特に砂糖は貴重で、そう多く出回っていない。
だからこそ、商会に直接頼む必要がある。
最後は革命軍に大量の魚を用意してもらう。魚の調理はジェネルとシェルバちゃん指導の下行えば問題ない。
この機会に魚介の美味しさもアメストリアに広めてやるぞ。
「おお、実に立派な大樹だな!」
「ちょっとジュノス殿下、本当にこれを駆除できるのかしら?」
早朝、俺達は王都ストリアから南西に数キロほど行った先にある小さな村、フレマセルへとやって来ていた。
フレマセルには巨大な大樹がそびえ立っている。
「ああ、楽勝だよ。つっても、俺が駆除する訳じゃないけどね」
「あなたがしないって……なら誰がするのよ!」
「ステラだ!」
「えっ!? ちょっ、ちょっと待って欲しいの! いくらダーリンのお願いでもステラは木コリさんじゃないの!」
「ああ、それなら問題ない。ただステラにはあの大樹に触れてもらうだけでいいんだよ!」
「触るだけならステラでもできるのっ!」
――じーーっ。
あかん……レイラもエルザもジト目で俺を睨みつけている。
まったく信用してないな。
まぁ、ステラが聖女だなんて説明したところで、信じる奴なんていないよな。
でも、聖女ステラが呪われた喰魔植物に触れることで、その邪気が浄化されて消えるのもまた事実。
ゲーム時代はこのことが原因で、彼女が聖女であることが帝国全土に知れ渡る。
結果、彼女は帝国内において絶大な地位と権力を手に入れることとなるのだが、今回はそうはさせないぞ。
ステラが図に乗ると面倒だからね。
「それでダーリン、ステラが触ればいいの?」
「うん。ステラの体を通して、そこから俺の王子パワーを大樹に流し込むんだよ!」
「ちょっと、何で彼女じゃなけゃダメなのよ!」
「そうですよ! それならレイラ様でも良いのでは?」
うわぁ、面倒臭いな。
適当に誤魔化そっと。
「この術は帝国の王子である俺が、帝国育ちの貴族にしかできない決まりなんだよ」
「それなら……仕方ありませんわね」
「ステラとダーリンの愛の共同作業にケチをつけるのは感心しないの!」
「なっ!? あなたは黙ってなさい!」
「ふんっ!」
「ちょっ、髪当たってるのよ! 気をつけなさいっ!」
「あははは……」
ドリル対鞭か……凄い絵図らだな。
ステラが大樹に触れたタイミングを見計らい、俺はインチキ霊媒師の如く両手を彼女へと向ける。

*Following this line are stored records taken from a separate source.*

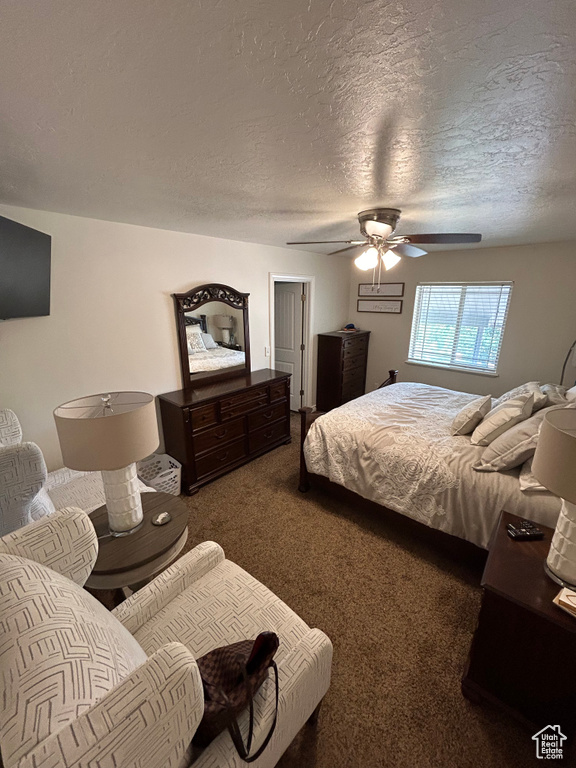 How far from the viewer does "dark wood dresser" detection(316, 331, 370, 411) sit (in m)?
4.23

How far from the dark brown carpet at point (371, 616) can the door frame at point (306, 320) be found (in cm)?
184

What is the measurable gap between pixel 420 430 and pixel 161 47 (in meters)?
2.36

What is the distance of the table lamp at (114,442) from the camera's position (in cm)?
117

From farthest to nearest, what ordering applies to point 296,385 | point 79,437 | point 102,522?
point 296,385 < point 102,522 < point 79,437

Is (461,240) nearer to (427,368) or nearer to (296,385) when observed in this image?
(427,368)

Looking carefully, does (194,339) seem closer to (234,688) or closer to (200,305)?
(200,305)

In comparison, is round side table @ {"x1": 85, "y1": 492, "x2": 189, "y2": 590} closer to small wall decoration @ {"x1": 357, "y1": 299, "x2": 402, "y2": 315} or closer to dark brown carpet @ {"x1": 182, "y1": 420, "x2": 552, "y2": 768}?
dark brown carpet @ {"x1": 182, "y1": 420, "x2": 552, "y2": 768}

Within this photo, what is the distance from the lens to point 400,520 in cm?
218

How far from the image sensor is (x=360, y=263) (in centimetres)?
220

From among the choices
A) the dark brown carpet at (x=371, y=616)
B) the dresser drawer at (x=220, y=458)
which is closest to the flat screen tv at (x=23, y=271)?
the dresser drawer at (x=220, y=458)

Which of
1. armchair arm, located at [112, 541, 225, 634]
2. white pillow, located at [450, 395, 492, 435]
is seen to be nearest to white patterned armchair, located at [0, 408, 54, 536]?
armchair arm, located at [112, 541, 225, 634]

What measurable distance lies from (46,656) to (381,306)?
15.1 feet

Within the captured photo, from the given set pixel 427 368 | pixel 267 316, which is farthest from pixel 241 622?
pixel 427 368

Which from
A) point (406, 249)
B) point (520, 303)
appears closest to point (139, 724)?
point (406, 249) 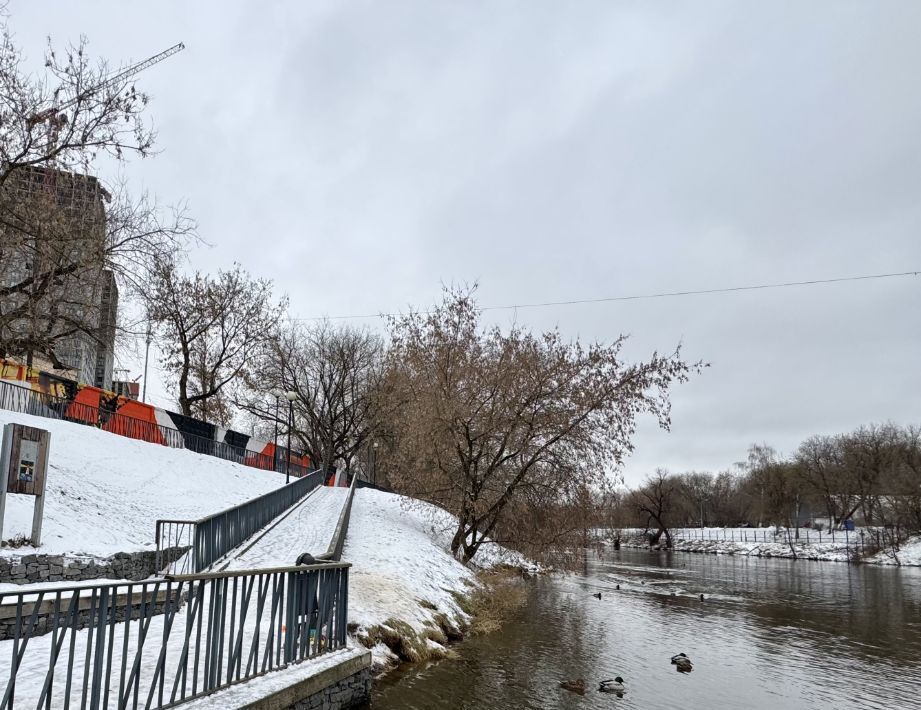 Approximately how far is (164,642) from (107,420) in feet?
75.5

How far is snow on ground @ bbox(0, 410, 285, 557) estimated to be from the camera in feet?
41.6

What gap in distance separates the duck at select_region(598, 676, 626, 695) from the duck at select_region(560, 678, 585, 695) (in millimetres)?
319

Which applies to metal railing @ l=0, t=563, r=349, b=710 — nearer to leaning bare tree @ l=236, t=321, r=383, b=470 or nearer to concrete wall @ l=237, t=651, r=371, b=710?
concrete wall @ l=237, t=651, r=371, b=710

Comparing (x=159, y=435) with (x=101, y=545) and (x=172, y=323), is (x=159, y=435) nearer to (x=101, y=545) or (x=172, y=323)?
(x=172, y=323)

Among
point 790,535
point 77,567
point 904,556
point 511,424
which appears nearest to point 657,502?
point 790,535

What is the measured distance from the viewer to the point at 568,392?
23562mm

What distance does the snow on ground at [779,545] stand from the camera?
167 ft

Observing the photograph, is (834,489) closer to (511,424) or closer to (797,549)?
(797,549)

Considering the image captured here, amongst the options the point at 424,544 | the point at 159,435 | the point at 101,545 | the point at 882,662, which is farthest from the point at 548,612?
the point at 159,435

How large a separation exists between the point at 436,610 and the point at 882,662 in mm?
9558

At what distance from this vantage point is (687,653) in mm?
14781

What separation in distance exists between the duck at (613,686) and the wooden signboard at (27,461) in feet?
32.9

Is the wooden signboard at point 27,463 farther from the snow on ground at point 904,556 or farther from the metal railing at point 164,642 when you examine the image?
the snow on ground at point 904,556

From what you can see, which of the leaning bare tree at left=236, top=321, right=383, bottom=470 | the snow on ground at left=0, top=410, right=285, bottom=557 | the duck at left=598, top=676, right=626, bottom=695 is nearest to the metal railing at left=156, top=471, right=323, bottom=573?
the snow on ground at left=0, top=410, right=285, bottom=557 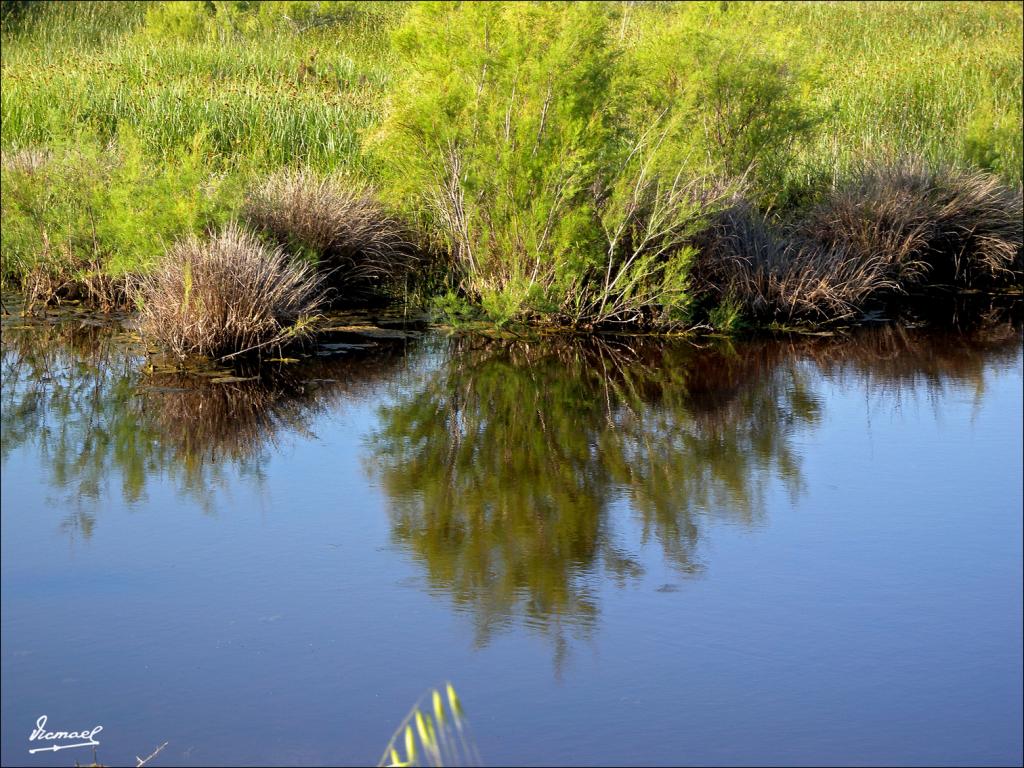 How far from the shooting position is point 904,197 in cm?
1328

適当に呪文ぽいのを唱えながら、念力を送る振りをする。
「アダムスアダムスプププノプー!」
「キャッ! 感じるの……ダーリンのステラを思う愛の力を背中いっぱいに感じるの!」
嘘つけっ!
何も感じる訳ないだろ。それはただの思い込みだ。
俺は何もしてないんだから、ったく。
「す、凄いわ!」
「信じられません!」
「まさか、ジュノスにこのような魔の力があったとは!」
「ジュノってやっぱり凄い!」
「さすがジュノス殿下です!」
「オイラ……弟子になりたいぞ!」
「あはは……はは」
何か皆を騙しているようで申し訳ないな。いや、騙しているのだが……。
しかし、実際に見ると本当に凄いな。
ステラの聖女パワーで木が発光して、電気が通ったように根が光を放っている。
まるで蛍光灯だな。
燐光を放つ根が粒子のように弾けて消える様は、まるでシャボン玉のようだった。
陽の光を反射して、燦然と輝くそれらがアメストリア中を神秘な光で包み込んでいく。
「愛の輝きなの!」
まぁ……強ち間違いではない。
これはステラに与えられた慈悲の愛という設定だからな。
彼女本人からは慈悲の欠片も感じられないのが残念だが……。
「終わったな」
「す、凄いわ、ジュノス殿下!」
えっ!? レイラの目が凄くキラキラしている。
これまでのレーザー光線のようなそれとは少し違うな。
ちょっとは信用してもらえたのだろうか?
「私はあなたを誤解していたのかも知れませんわね」
なんか……非常に申し訳ないな。
「い、いや、それよりステラにも労いの言葉を……」
「そうですわね!」
ハァー……アメストリアを、レイラを救ったのは俺ではなく彼女なんだ。
俺以上に彼女が感謝されないと……何か申し訳ないよ。
「ん……?」
ステラにお礼を言いに行ったレイラが激昂なさっている。
あのバカは何を言ったんだよ。
「ジュノス殿下、この次は……」
「ああ、一度王都ストリアに戻って炊き出しの準備だ! 食べることが体力の回復には欠かせない。弱っている者には水分を、元気な者には空腹を満たす食事が必要だ!」
健康の秘訣は栄養のある美味しいものを食すことにある。
その点、OS2と魚は完璧だろ。
呆然と立ち竦むジェネル達にも声をかけて、急いで王都へと帰還する。
王都に戻れば既に多くの商人達の姿がある。
彼らを雇うのにとんでもなく出費してしまったが、アメストリアがお得意様になればすぐに元は取り返せるだろう。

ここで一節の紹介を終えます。